Exercise
Reproduce every record below exactly, with the pictures left out.

━━━━━ Source information ━━━━━

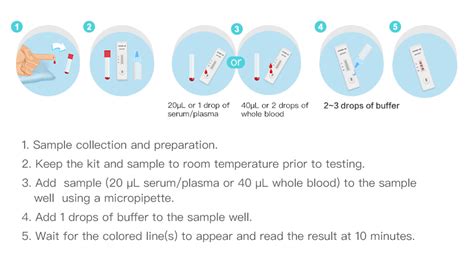 The test result is ready to be read after 15 minutes. Rapid COVID-19 Testing Kit | Coronavirus Test Kits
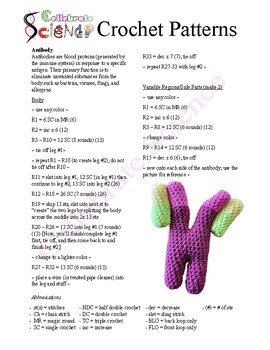 Preview of Antibody Crochet Pattern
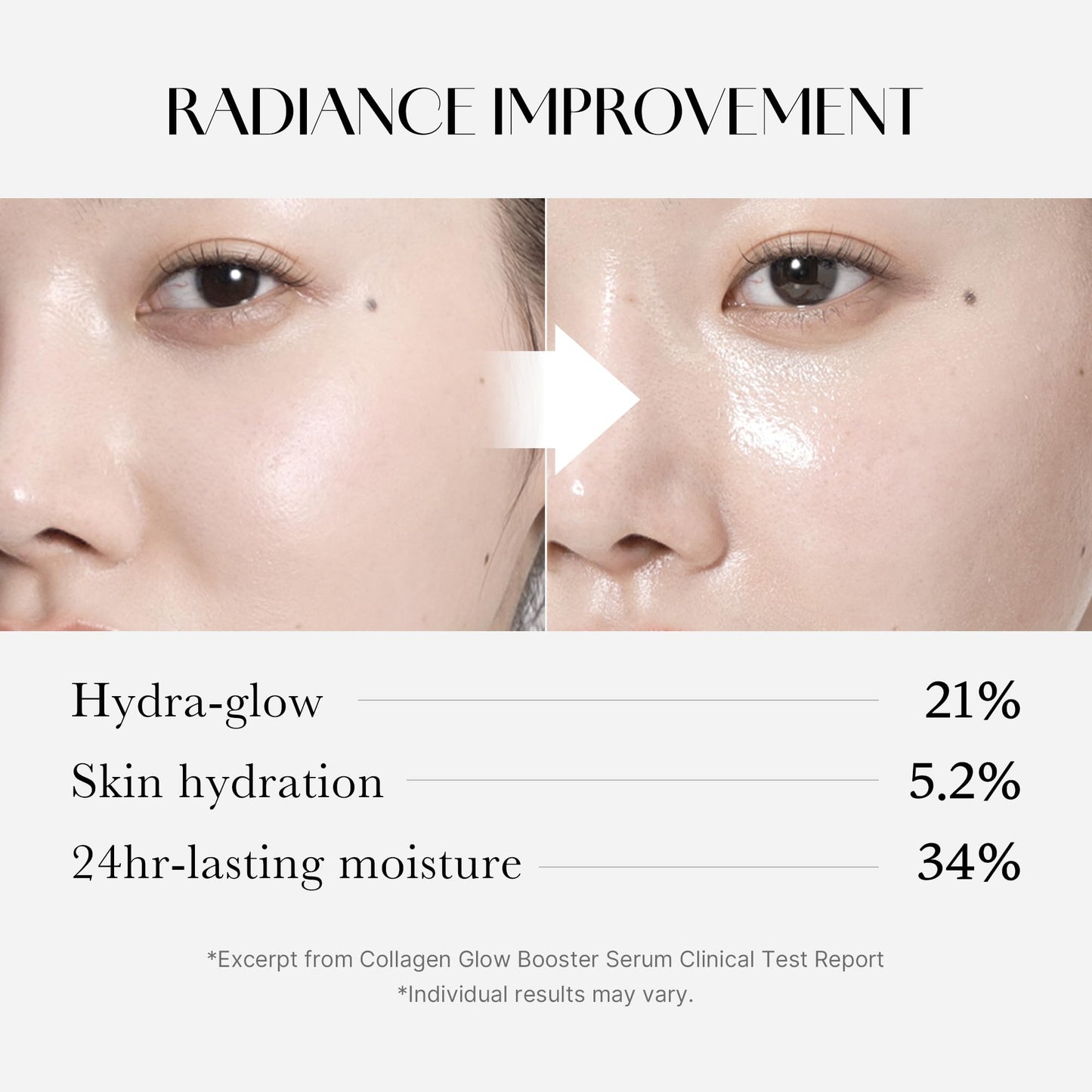 Medicube Collagen Glow Booster Milk Serum - Twist & Click - Radiance & Hydration with Niacinamide, Milk Protein Extract, Hydrolyzed Collagen - Maple Wellness Supplements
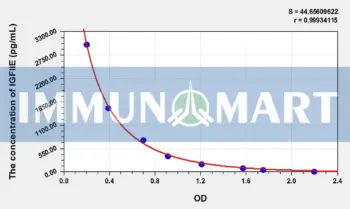 Human IGFIIE(Pro-Insulin Like Growth Factor II E-Peptide) ELISA Kit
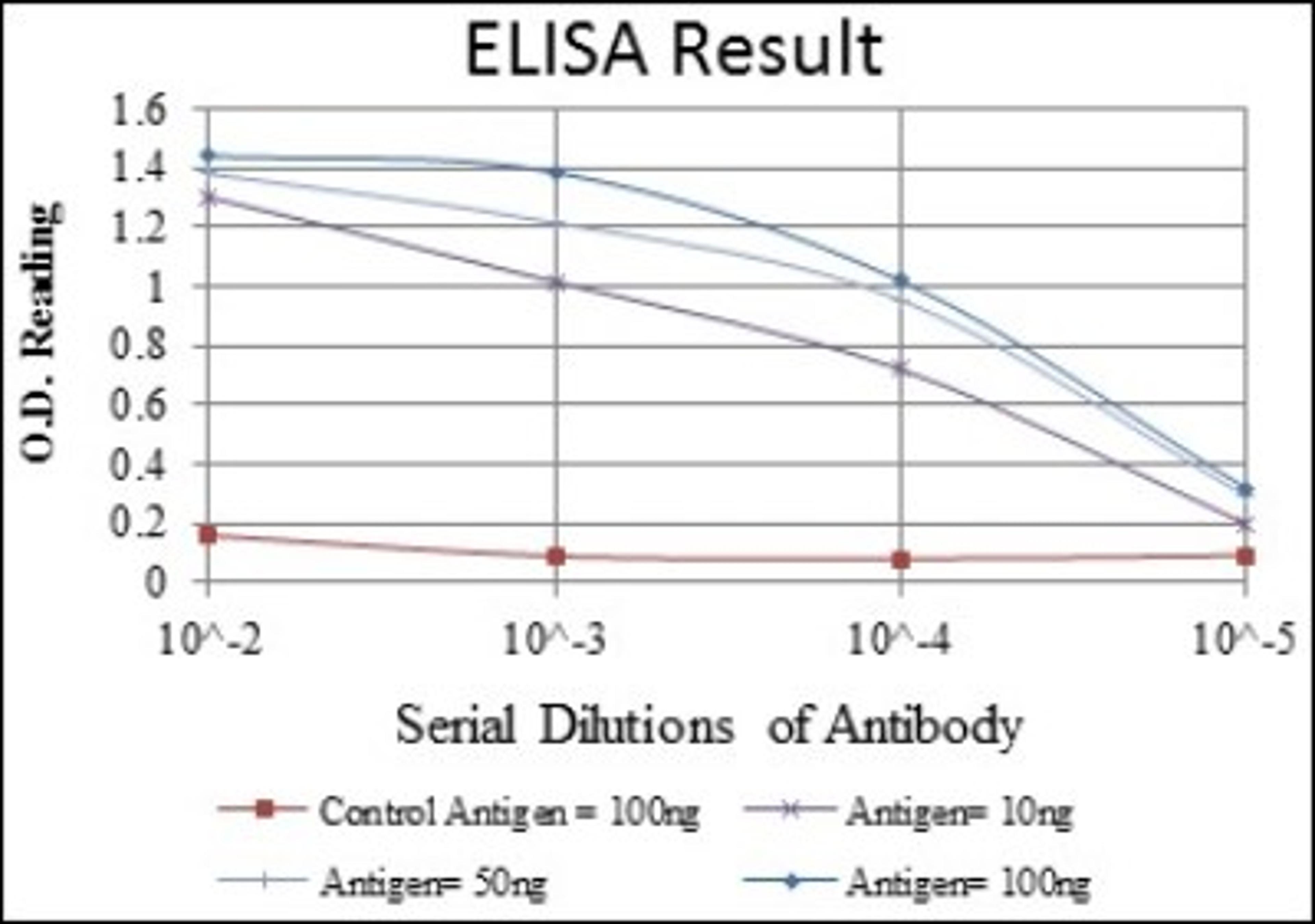 ELISA: CD15/Lewis X Antibody (4E10) [NBP2-22179] - Red: Control Antigen (100ng); Purple: Antigen (10ng); Green: Antigen (50ng); Blue: Antigen (100ng)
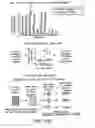 Fig. 15 - Treatment of viral infections by modulation of host cell metabolic pathways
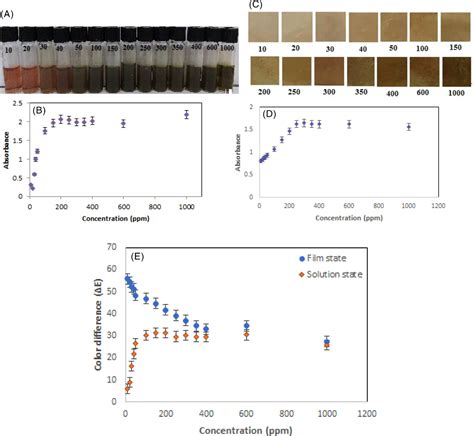 Anthocyaninloaded Bacterial Cellulose Nanofiber As A Green Sensor For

━━━━━

Answer for this exercise
 The test result is ready to be read after 15 minutes. Rapid COVID-19 Testing Kit | Coronavirus Test Kits
 Preview of Antibody Crochet Pattern
 Medicube Collagen Glow Booster Milk Serum - Twist & Click - Radiance & Hydration with Niacinamide, Milk Protein Extract, Hydrolyzed Collagen - Maple Wellness Supplements
 Human IGFIIE(Pro-Insulin Like Growth Factor II E-Peptide) ELISA Kit
 ELISA: CD15/Lewis X Antibody (4E10) [NBP2-22179] - Red: Control Antigen (100ng); Purple: Antigen (10ng); Green: Antigen (50ng); Blue: Antigen (100ng)
 Fig. 15 - Treatment of viral infections by modulation of host cell metabolic pathways
 Anthocyaninloaded Bacterial Cellulose Nanofiber As A Green Sensor For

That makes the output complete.